Je n’ai rien su lui répondre d’autre. Jamais aucun autre mot n’a pu sortir de ma bouche que ceux-là. Jamais aucun. Elle, elle a fait ce qu’elle avait à faire et moi, c’est ce jour-là que, comme le garçon qui aimait d’autres filles à la fois, j’ai arrêté de m’aimer.

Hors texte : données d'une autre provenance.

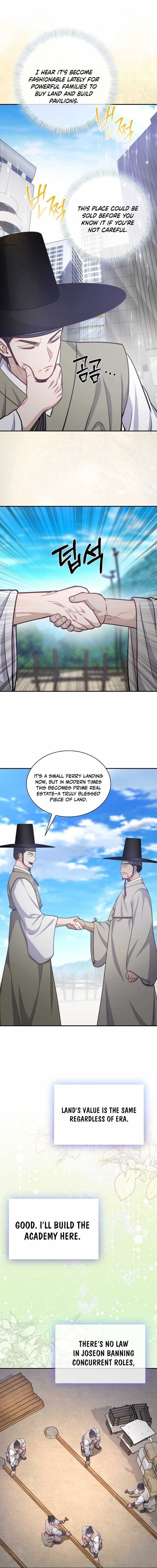 The Corrupt Official Hides the Status Window Chapter 19 page 9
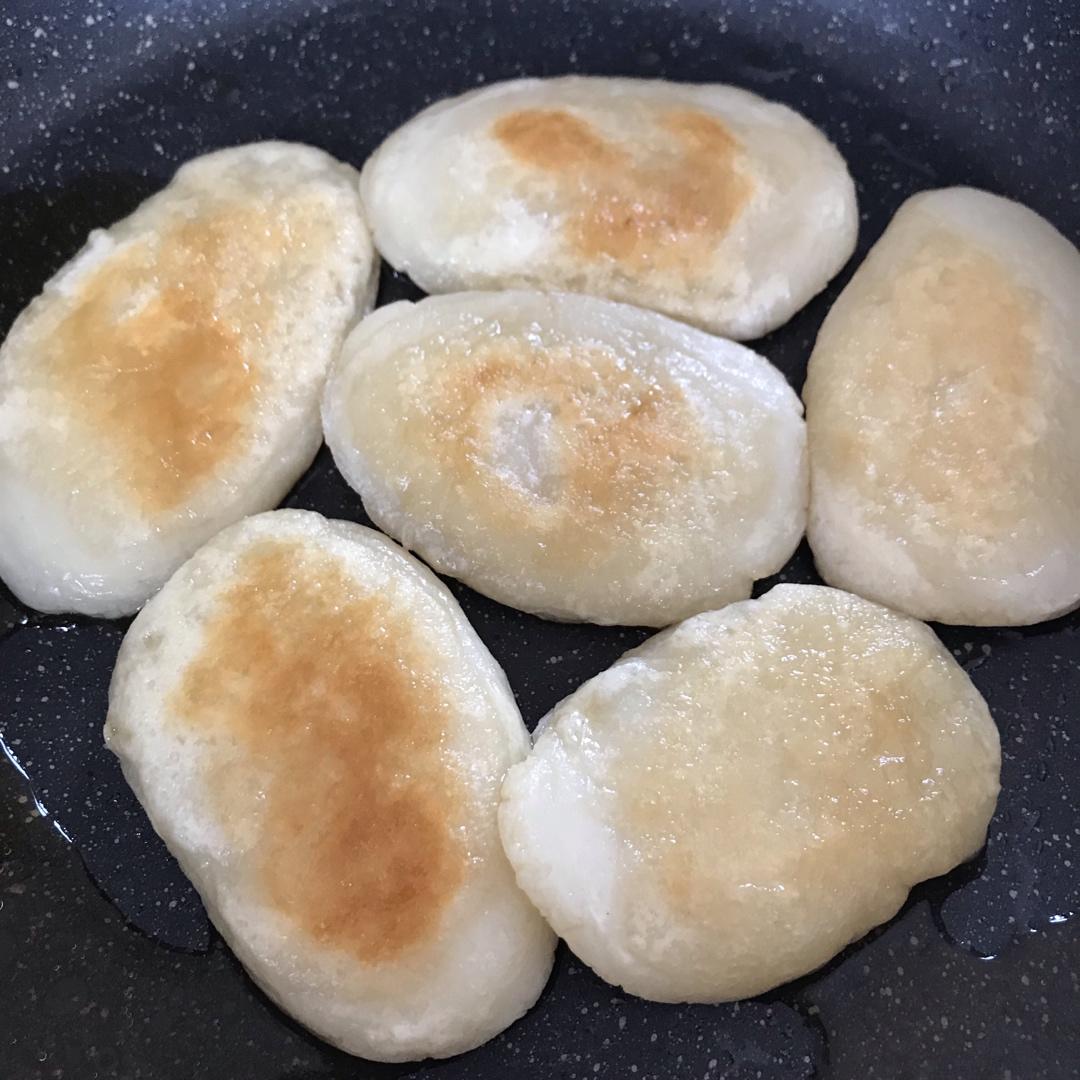 免烤箱🥇自制一口爆浆的日式年糕，你吃过吗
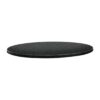 Topalit Classic Line rond tafelblad antraciet 70cm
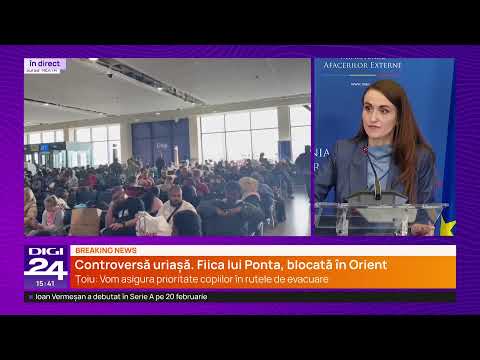 🟣 Știrile Digi24  de la ora 15 –  5 martie 2026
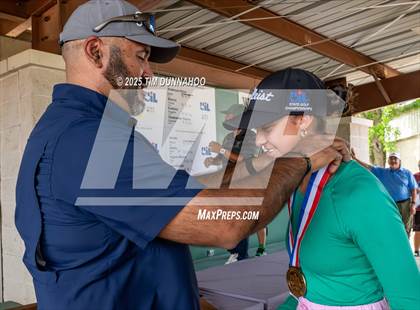 Thumbnail 1 in UIL 3A Girls Golf Finals (Awards) photogallery.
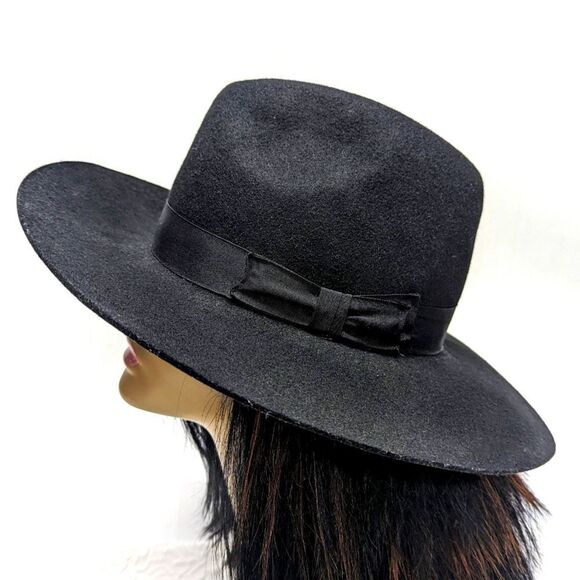 Yeshivich Other - YESHIVICH | Wool Jewish Wide Brim Fedora sz L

En rentrant du cabinet médical, ce 11 Janvier, je n’ai pas réussi à garder ce secret pour moi plus longtemps. J’aurais voulu. J’aurais voulu infliger cette peine à personne d’autre que moi. C’était au-delà de mes forces. Puisque le garçon qui aimait d’autres filles que moi avait fui, je me suis confiée à mon autre bourreau. Elle n’était pas sobre ce jour-là, pourtant, elle a pris soin de moi. Réellement. Concrètement. Elle a été là pour moi plus que je ne l’en aurais cru capable, me tenant la main toute la nuit, enlevant ma culpabilité et apaisant ma tristesse. Ce soir-là, j’étais une fille dans les bras de sa mère. Là réside la complexité; dans un flux incessant de monstruosité existaient, exceptionnellement, de rares moments de soutien comme celui-là et ceux-là avaient tant de valeur, tant d’importance qu’ils effaçaient tout le reste. C’est pour retrouver ces moments-là, ces moments-là seulement, que je supportais tous les autres.